The task was not a quick nor easy one, though. Little White and Little Grey had been held in captivity for so many years that they could not be simply set free. Instead, the search was on for an ideal location to build the world’s first open-sea whale sanctuary.
“You need an environment that very closely matches the environment they came from,” explains Bool, “and provides a sheltered space to create an area that is safe.” Also required, was a location that would allow for the construction of a land-side care facility, “which allows you to quarantine the animals when they first arrive to the sanctuary, and also gives you another safe space if for any reason they were to get into difficulties or become ill.”

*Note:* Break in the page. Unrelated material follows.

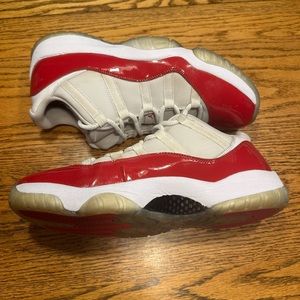 Jordan 11 low Cherry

After four long years of searching, the perfect spot was finally found, off the Icelandic island of Heimaey, in Klettsvik Bay. The bay, says Bool, “is 32,000 square meters in size, which is about 30 times bigger than the space they came from in Shanghai. It’s up to ten metres deep in places as well, so a lot deeper than the pool in Shanghai. And it’s enclosed on three sides by cliffs, which shelter it from the worst excesses of the weather,” he says. “It also gave us the opportunity to net-off that section of bay from the open ocean, to create that safe space.” And to top it off, says Bool, there was space for that necessary care facility, 1400 meters away from the bay, “or just seven minutes by boat.”
That care facility is where Little White and Little Grey are today.
After the monumental journey from China, spanning more than thirty hours, via road, air and ferry, and for which the whales and their carers required much preparatory work, Little White and Little Grey, landed safely in Iceland, this past summer. The whales are now being quarantined, and slowly acclimatized to what is to come: their next and final move, back to the ocean this spring.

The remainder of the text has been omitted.